白石成年以后曾披览大量古今名画,他“阅千剑而识器”,脑里得积累,心中有准星,对孰真孰赝断判笃定,对具艺术水准的赝品也不简单排斥。步入不惑的齐老师的大胆判定、自信十足也给人留下深刻印象——尽管,对于错综万象的市场,也难以说白石未有偏颇。
出行千里 柔肠百结
齐白石四月初五到北京,四月初八即“发家书”报平安。春天暑热来得早他叹“日之热过于故乡伏日”,夏至降雨他说“今日之雨比故乡有一泼零”——此处他还着意注上“故乡土人每下雨大小,知有‘一泼、两泼’之多”。身隔悠悠数千里,心犹丝丝系家乡。北京城里的天凉天热,北京城里的刮风下雨,他首先联想到的是家乡的风晴雨霁。在琉璃厂出入,渐次遇到故乡人黎松安(“龙山七子”之一)、郭葆生(齐早年住过郭家公馆)、李翰屏(齐出乡前给李家画过像)等人,大家聚宴一次,齐白石记曰:“数千里得晤故乡旧友三四人,喜极,尚疑是梦。”
五月十四日(公历6月9日),他在日记中难得详细地描摹了自己的心境:“昨夜达旦不能成寐,心中若有所失。不知一家老小何似。”他说半年未得家书,其心“无时不在杏坞白石间也”。“远离日深,欲哭,泪已尽之久矣。”对家乡家园的深深爱恋,对家人老小的牵肠挂肚,白石这些记录感人心扉。

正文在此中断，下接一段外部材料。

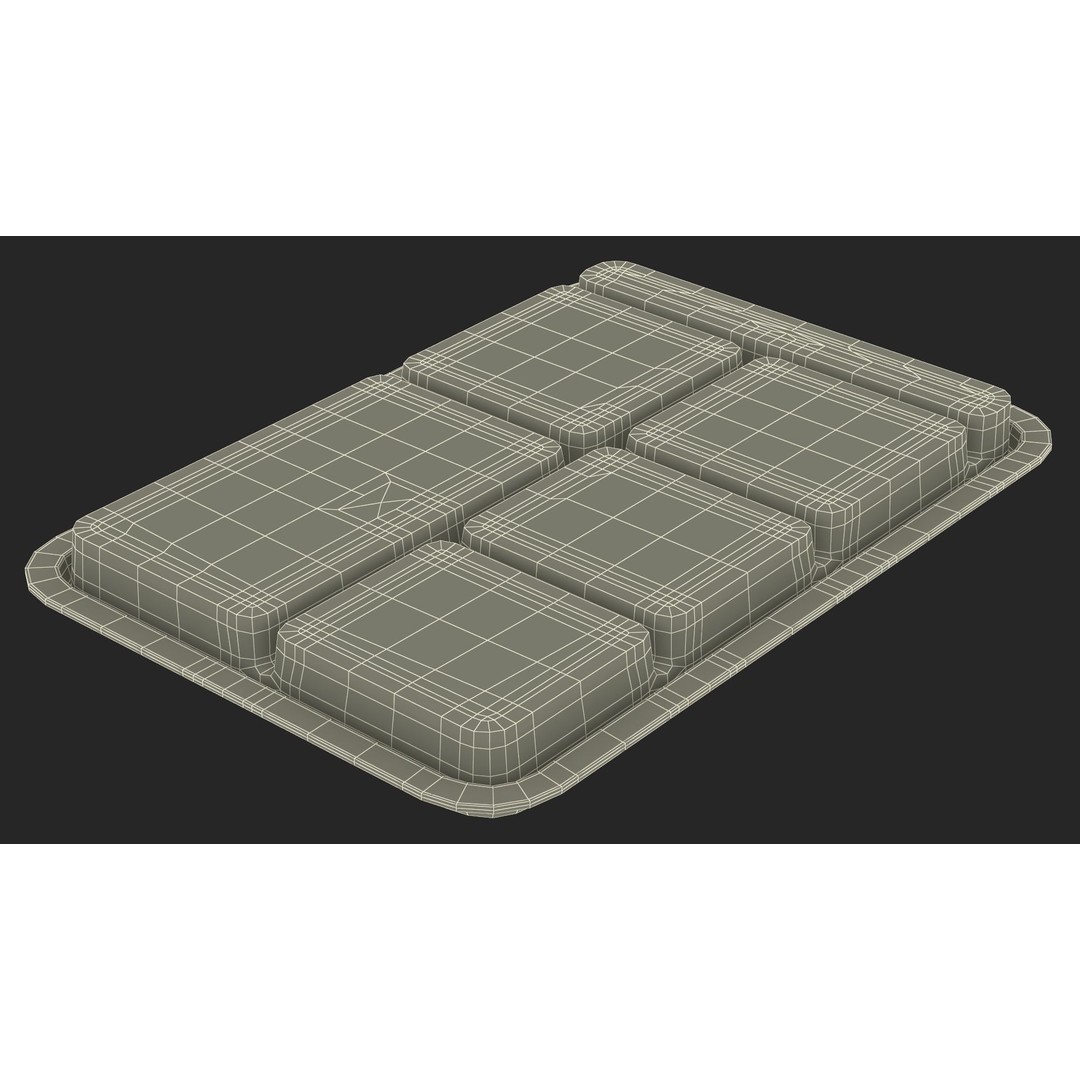 Compartment Meal Tray 3D Model – Blue Catering Accessory, PBR Textures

家乡人五月十九日(公历6月14日)寄出家书,他在闰五月初五(公历6月29日,邮路上走半个月)接到了,知家老少无恙才放心。但获知其母的哥哥于三月间逝去,他不禁忆到:去年秋舅舅来家住,只听他咳不止。白石便与妻春君商量请医生来疗治,舅答:这病能治的话早就治了,我恐不久于人世了。白石劝舅无论如何多住些日。四月初寄家的信,还与春君说:要好好侍奉舅爷,把他说的“没几天”当作“很久远”,万万不可轻待。我买了些阿胶等颐养品,待回家再给舅爷奉上……最后白石写:“书此日记时,三更人静,泣不能已,不能终其恨也。”白石午夜独自一人,思绪飞回几千里外的亲人身边,他直抒心怀的这些字句,让人读来不能不动情。
齐白石本来是以夏午诒聘请的“辅导教师”的身份随来北京的。每天辅导教画的时间(日记中用的词是“课画”)显然不是很长,白石还有许多自己“自由支配”的时间,这就用来篆刻、绘画以及逛店、交友等。齐奉守的是“旧规矩”,夏家给了他“授课费”(束脩),他就自觉地全心力服务夏家,不“接外活儿”,不“挣外快”。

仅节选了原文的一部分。